India remains in denial in walking the Foreign Sectary-level talks, citing the Pathankot airbase incident as the stumbling block. It was India – for reasons not known – which dragged its feet while Pakistan had gone whole hog to help discover the truth by sending its investigators. Only last week, New Delhi had said that the stalled dialogue with Pakistan was not “suspended”, generating hopes that the two of them would announce the date for resumption of talks at their level.

Apparently they seem to have differed with each other in such entirety that instead of a joint statement the two sides issued separate statements. India, as usual, called upon Pakistan ‘to speed up the Pathankot investigations’, by arresting some who it accuses of carrying out that carnage. And, quite weirdly, Indian foreign secretary insists that “Pakistan cannot be in denial on impact of terrorism on bilateral relations,” and, therefore, there would be no bilateral talks.
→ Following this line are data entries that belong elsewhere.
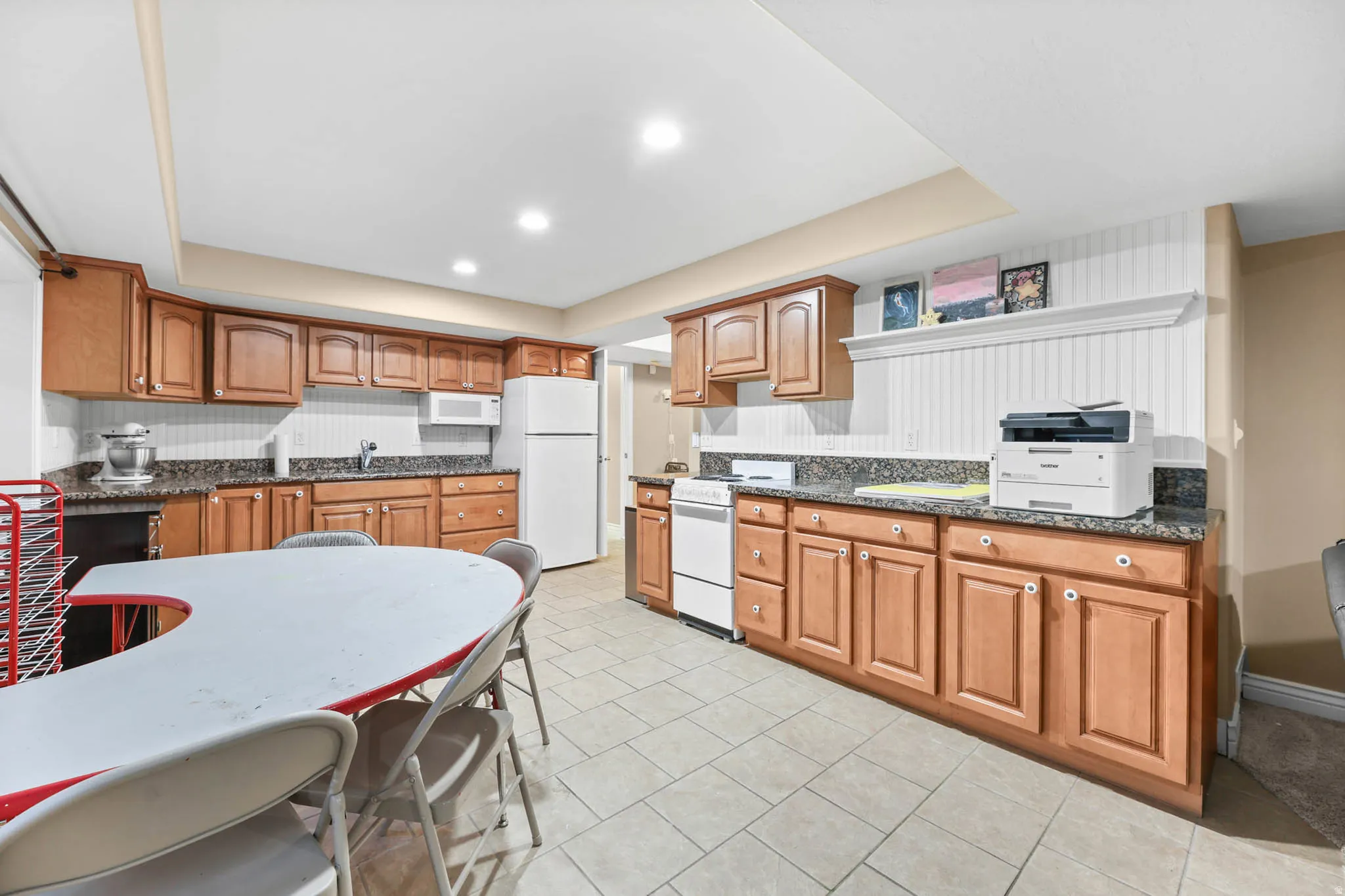 Kitchen featuring wood finish cabinetry, white appliances, dark stone countertops, wallpapered walls, and recessed lighting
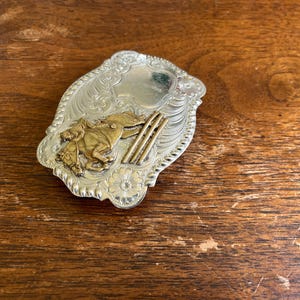 May include: A silver-toned belt buckle featuring an embossed floral scroll pattern and a central gold-toned relief of a horse and rider jumping over three parallel bars. The buckle has a scalloped edge and a smooth, polished shield-shaped area.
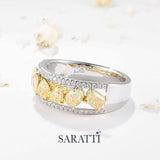 Angled view Platinum Ring with yellow stones on floral background | SARATTI
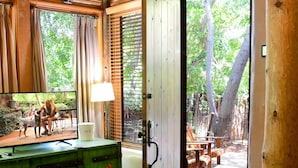 A cozy room with a wooden ceiling, a green cabinet, a wooden bench, and a view of an outdoor patio with a table and chairs.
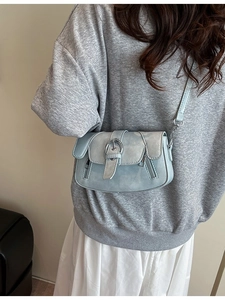 Minimalist grey faux leather crossbody bag with metal ring and shoulder strap on model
How can Pakistan be in denial in discussing terrorism of which it has been the prime victim, particularly in Balochistan and Karachi, and for all of it India’s Raw being the cat’s paw?

Since continued hostility towards Pakistan has proved to be saleable merchandise with successive governments and the Modi administration was not expected to be an exception, which it is not. If Prime Minister Modi had agreed to resume a comprehensive dialogue covering all important issues, including Jammu and Kashmir with Pakistan at Ufa, Russia, we doubt if it was on his own and not a fake offer to win international acclaim. Rightly then nothing in concrete terms has happened between the two countries since then.

In his 90-minute meeting with his Indian counterpart, Foreign Secretary Aizaz Chaudhry raised three principal issues which tend to impact bilateralism between the two countries. First, it is Kashmir that needs to be resolved in accordance with the UN Security Council resolutions and the wishes of Kashmiris. The people of Kashmir refuse to accept Indian control and will never and the latest proof in support of that being the events following the molestation of a Muslim girl by an Indian soldier.

That Narendra Modi has succeeded in stitching up a Vichy regime now headed by Mehbooba Mufti hardly is something that makes for justification of Indian hold. The involvement of Raw in Balochistan and other parts of Pakistan also came under discussion at the meeting, and as expected Indian side rebutted the charge. Having made the ‘mistake’ of admitting that Yadav Kulbhoshan is a senior officer in Indian navy, Foreign Secretary Jaishankar could go no further on that. He stoutly remained stuck in the rut of denial on that.

And if India demands trial of Pakistanis for their alleged part in the Mumbai carnage and the Pathankot airbase attack why should it run away from discussing what happened to the Samjhota Express carnage. Why is New Delhi reluctant to share with Pakistan the investigation report on that incident – just because a senior Indian Army officer was involved? India denies hand in brutalising Kashmiris, it disowns Kulbhoshan’s ‘heroics’, it is preparing to release the Samjohta Express culprits and yet poses to be champion of peace and harmony in South Asia. That is no more possible, given that the veneer of Ghanaian pacifism has worn thin and the world can no more be hoodwinked.